Compact manifolds Since holomorphic functions are constant, the answer to Poincaré's problem is "no", unless the manifold has only constants as meromorphic functions (this happens for some tori for example)

Stein manifolds The answer to Poincaré's problem is "yes" if the Stein manifold $X$ satisfies the purely topological condition $H^2(X,\mathbb Z)=0$. In this case we have indeed $\mathcal M(X)=Frac (\mathcal O(X))$ . Interestingly the proof uses that $H^1(X, \mathcal O)=H^2(X, \mathcal O)=0$ for the Stein manifold $X$.

The result $\mathcal M(X)=Frac (\mathcal O(X))$ is due to Weierstrass in the particular case $X=\mathbb C$ and to Poincaré for $X=\mathbb C^2$. You can read the proof of the general result in Grauert-Remmert's Theory of Stein Spaces.

Answer 3

The higher cohomology groups of the structure sheaf (in any context) precisely capture the category of sheaves which are generated by the structure sheaf -- i.e. all sheaves which can be made by taking complexes built out of copies of the structure sheaf with arbitrary morphisms between them.
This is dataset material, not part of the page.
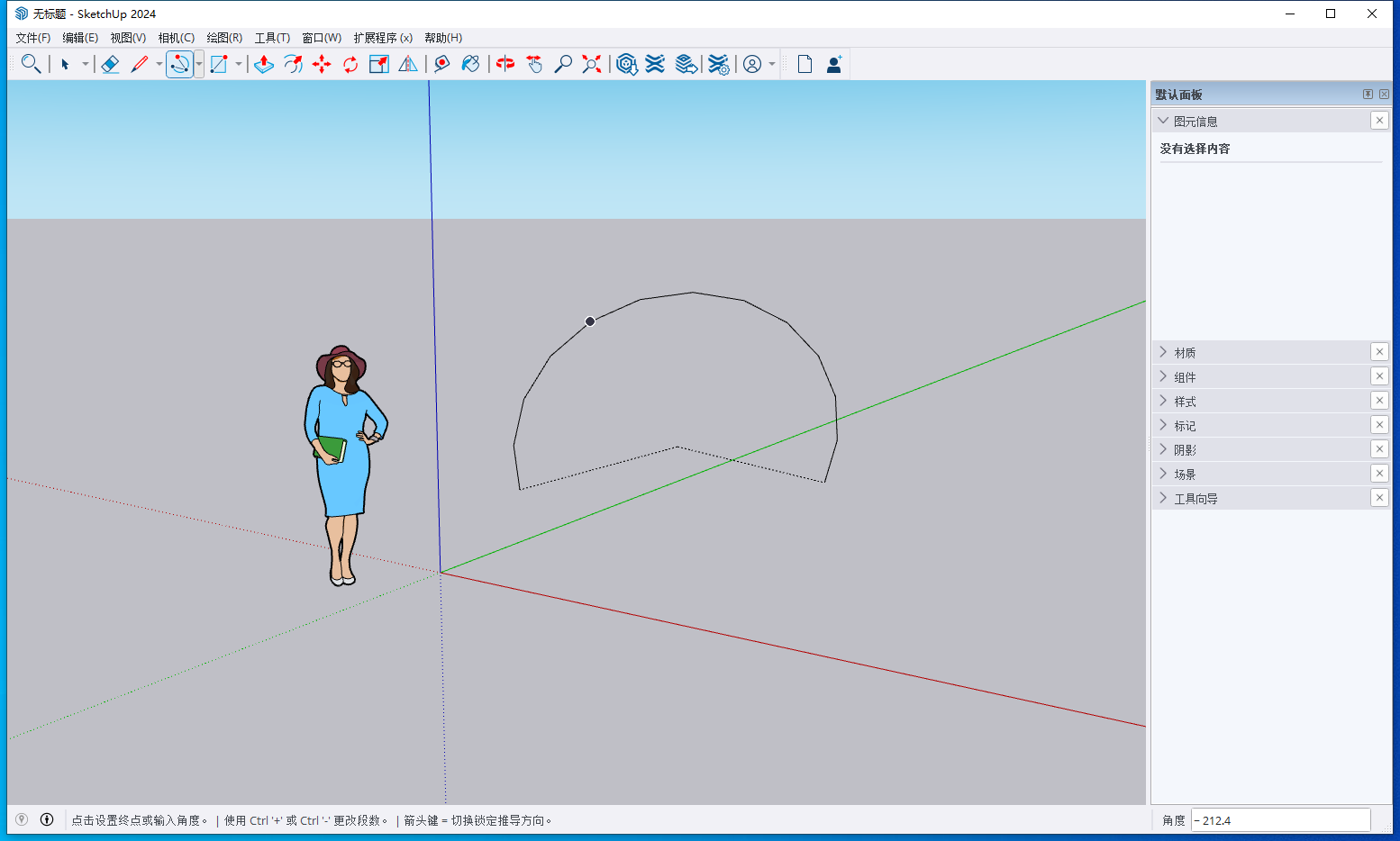 SketchUp2024软件安装教程+草图大师SU2024中文安装包下载-图片13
Namely this (differential graded) category is equivalent to (dg) modules over the (dg) algebra made out of the cohomologies (or more precisely the self-Ext complex - ie the complex calculating the cohomology groups) of the structure sheaf.

In other words, if you want to make global sections into a (derived) equivalence you have to on the one hand restrict to sheaves generated by the structure sheaf and on the other consider the target of global sections not just vector spaces (or complexes) but rather modules over the Ext algebra of the structure sheaf (where the sheaf cohomology of any sheaf naturally lands).

Answer 4

Your question is quite broad, so I will touch on a couple of sub questions, hopefully complementing Sándor's.
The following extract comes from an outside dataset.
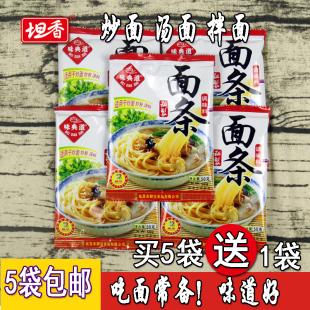 坦香味典道50g面条调味料粉面汤底煮面条汤料 汤面馄饨烩面调味料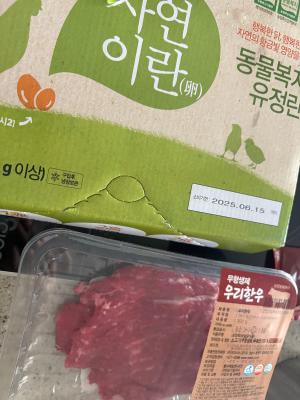 구매후기 사진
• Sheaf cohomology gives accessible, often computable, invariants for spaces.
• Under mild conditions, cohomology with coefficients in constant sheaves coincides with other theories such as singular cohomology.
• Given a complex manifold, an analytic function can be defined as a $C^\infty$ function $f$ which lies in the kernel of the Cauchy-Riemann operator, given locally by $$\bar \partial = \sum \frac{\partial}{\partial {\bar z}_j} d \bar z_j$$ Alternatively, $f$ analytic means it can be expanded locally in a convergent power series (just like in one variable). The cohomology of the sheaf of analytic functions $\mathcal{O}_X$ is interesting. Here is one interpretation: the above operator extends to a complex, the $\bar \partial$-complex, which gives a fine resolution of $\mathcal{O}_X$. Thus $H^i(X,\mathcal{O}_X)$ is $\bar \partial$-cohomology.

Hope that helps.

Answer 5

A couple little things to try to complement the previous answers:

(1) Partially addressing your first question: If you are interested in complex projective varieties, Serre's GAGA theorem says the cohomology groups of the structure sheaf of analytic functions (or other coherent analytic sheaf) are the same as those of the algebraic structure sheaf. So in this case, nothing changes when you move from regular algebraic functions to analytic ones.

(2) For real (semi)algebraic varieties, I think the natural sheaf would be that of semi-algebraic functions, though I know fairly little about it. The place to look would be the book by Bochnak, Coste, and Roy.